> _YOUR ASSIGNMENT_: This exercise calls for an exact copy of the listing, with no pictures kept.

> _RECORDED INFORMATION_:
= Beginning of Section =
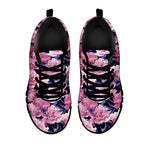 Vintage Pink Peony Floral Print Black Sneakers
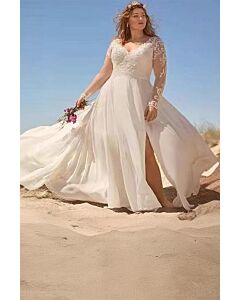 Long-Sleeve V-Neck Lace Bodice Tulle Gown with High Slit and Long Train for Beach Weddings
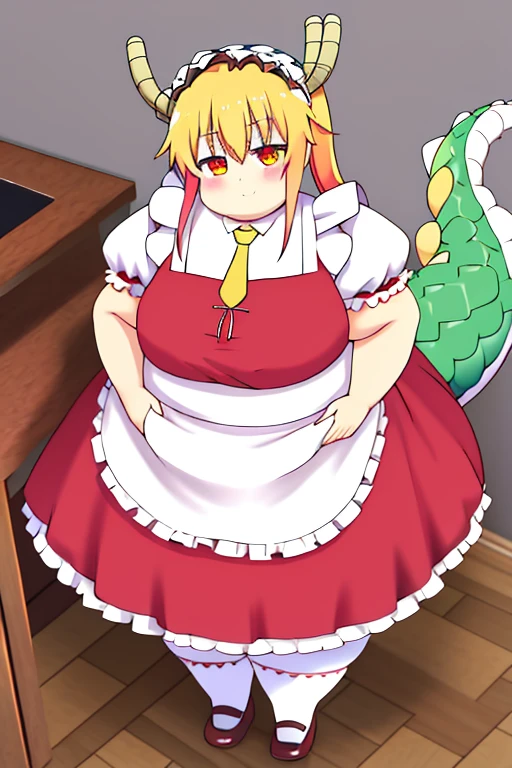 Masterpiece, best quality, obese tohru \ (maidragon \), dress maid, dragon tail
= End of Section =
> _SOLUTION_:
 Vintage Pink Peony Floral Print Black Sneakers
 Long-Sleeve V-Neck Lace Bodice Tulle Gown with High Slit and Long Train for Beach Weddings
 Masterpiece, best quality, obese tohru \ (maidragon \), dress maid, dragon tail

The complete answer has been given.